A autora sabe criar personagens palpáveis que desenvolvem relações sem apelo fetichista, e também sem precisar se prender a desconstruções claras de gênero. O que faz sentido visto que os moradores do local em que eles vivem têm mais com o que se preocupar; como a fome, a sede e o frio.

Aliás, o conturbado “passeio” pela cidade no segundo capítulo pode parecer forçado devido ao tanto de confusões nas quais Shion se mete, mas é certeiro em atenuar o abismo social entre a utópica Number Six que aparece no primeiro volume e o Bloco Oeste desse segundo.

O que leva a novos personagens que ao mesmo tempo em que expõem a desigualdade e a indiferença entre a utopia e o mundo exterior, dão indícios de que o passado comporta segredos envolvendo os protagonistas.

Apenas jogar isso e deixar o aprofundamento para depois também é um acerto, pois é mais um aspecto que aguça a curiosidade do leitor, e um que expande o universo apresentado.

Enfim, o quarto capítulo sai do Bloco Oeste e volta para Number Six, mas sob o ponto de vista de Karan, a mãe de Shion, e Safu, a amiga do garoto. Isso se mostra uma escolha acertada visto que a indiferença da cidade com o que se encontra fora dela é pontuada várias vezes ao longo da narrativa.

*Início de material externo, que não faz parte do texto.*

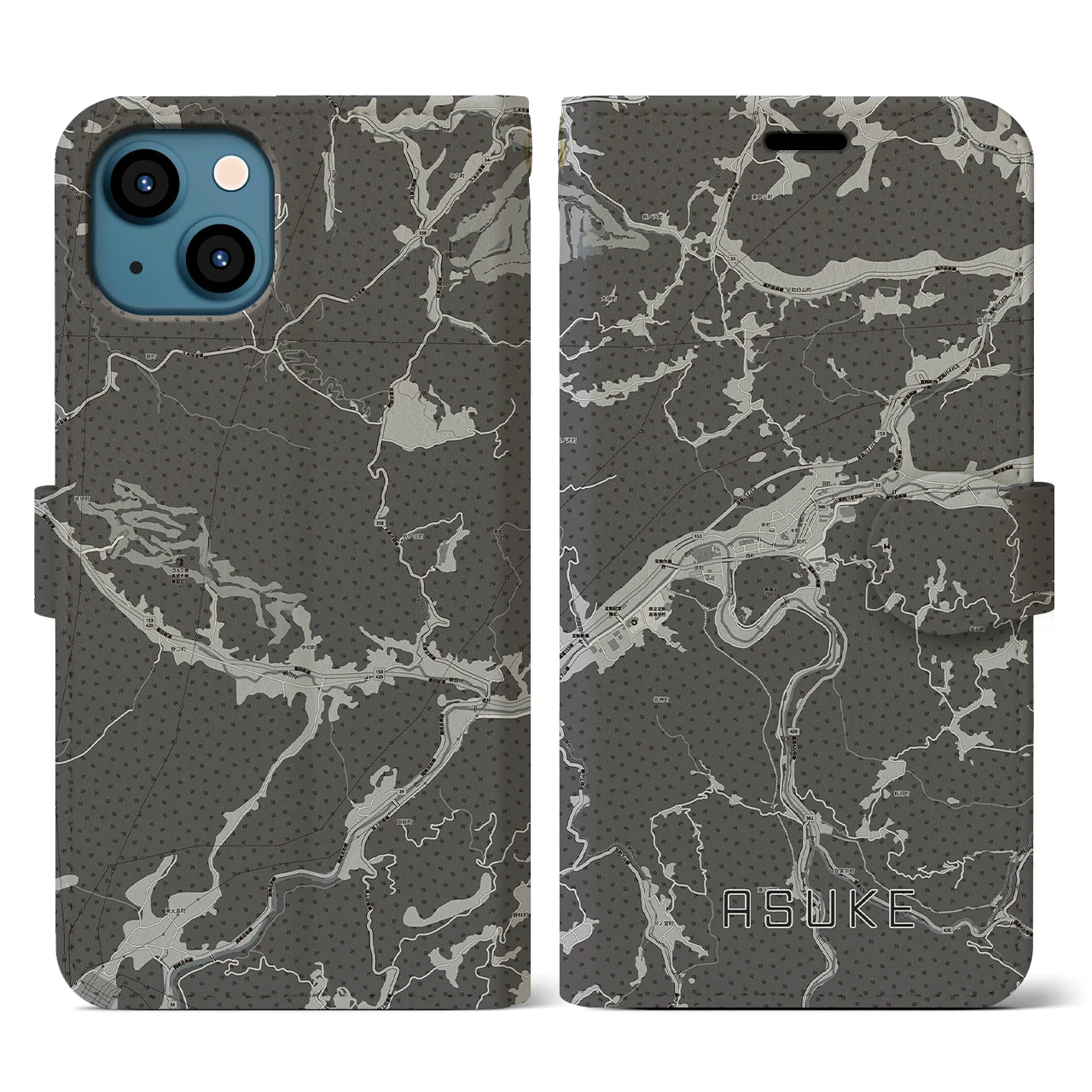 【足助(愛知県)】地図柄iPhoneケース(手帳タイプ)モノトーン・iPhone 13 用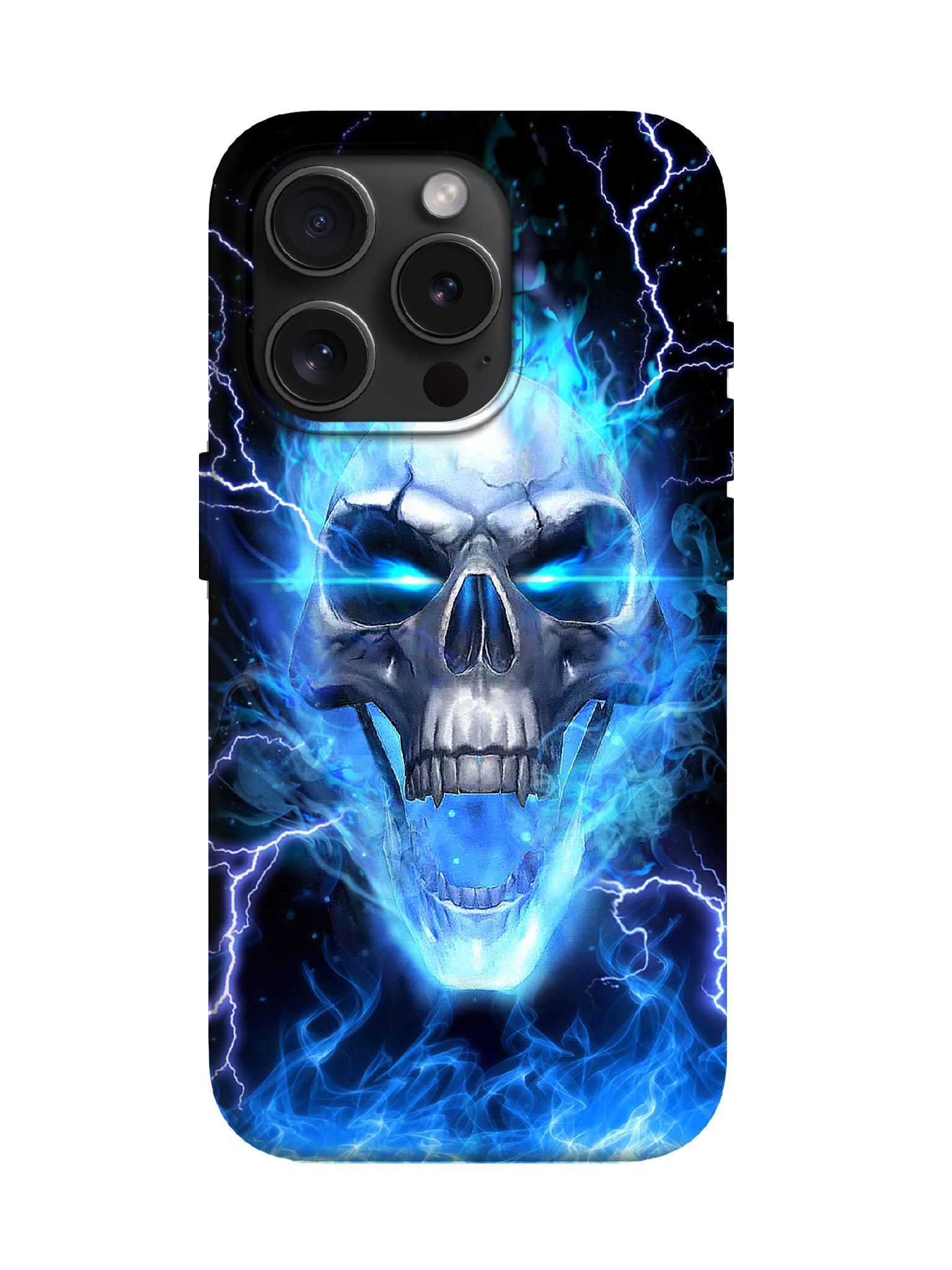 Skull Flame Lightning Edgy Cyberpunk Tough Phone Case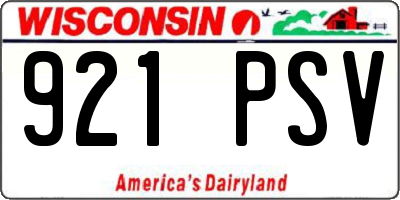 WI license plate 921PSV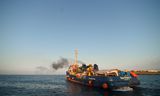 Het schip Sea-Watch 3, kort nadat het eind juni geredde migranten van boord heeft gelaten in de haven van Lampedusa.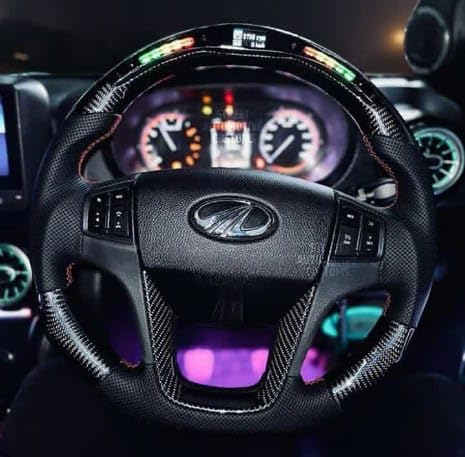 Image of KMH Premium Black Steering Wheel Compatible with Mahindra Old Thar 3 Door - Sporty Look, Enhanced Grip & Fit Plug and Play Car Interior Accessories (Real Carbon with LED)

Sendo assim, para que os caminhos dos garotos e da utopia se cruzem de novo é necessário um elo, e este se encontra em Safu que fora capturada, mas como a situação será tratada termina como uma incógnita, pois Asano sabe a hora certa de parar. De parar e deixar o leitor ávido por mais!

De positivo fica o aprofundamento dado às personagens femininas, necessário para que desempenhem papéis ainda mais importantes na trama. Por outro lado, a expansão de mundo promovida pela caracterização do Bloco Oeste e o aparecimento dos novos personagens corrobora com a máxima de que a cidade utópica não é aquilo que parece.

O único detalhe que me incomodou ao longo da leitura foi à inserção de alguns diálogos expositivos desnecessários. Curti as citações nos inícios dos capítulos, mas certas demonstrações gratuitas de conhecimento técnico não, ainda mais quando a escrita é tão satisfatória ao explorar o emocional dos personagens.

Aqueles que vivem no Bloco Oeste são as vítimas da utopia, desprezadas até o momento em que se tornem uma pedra no sapato para a perfeição sufocante e segregante de Number Six. Nezumi é inimigo disso e Shion não, o que alguma hora colocará os dois em lados opostos? Veremos com o prosseguimento dessa história!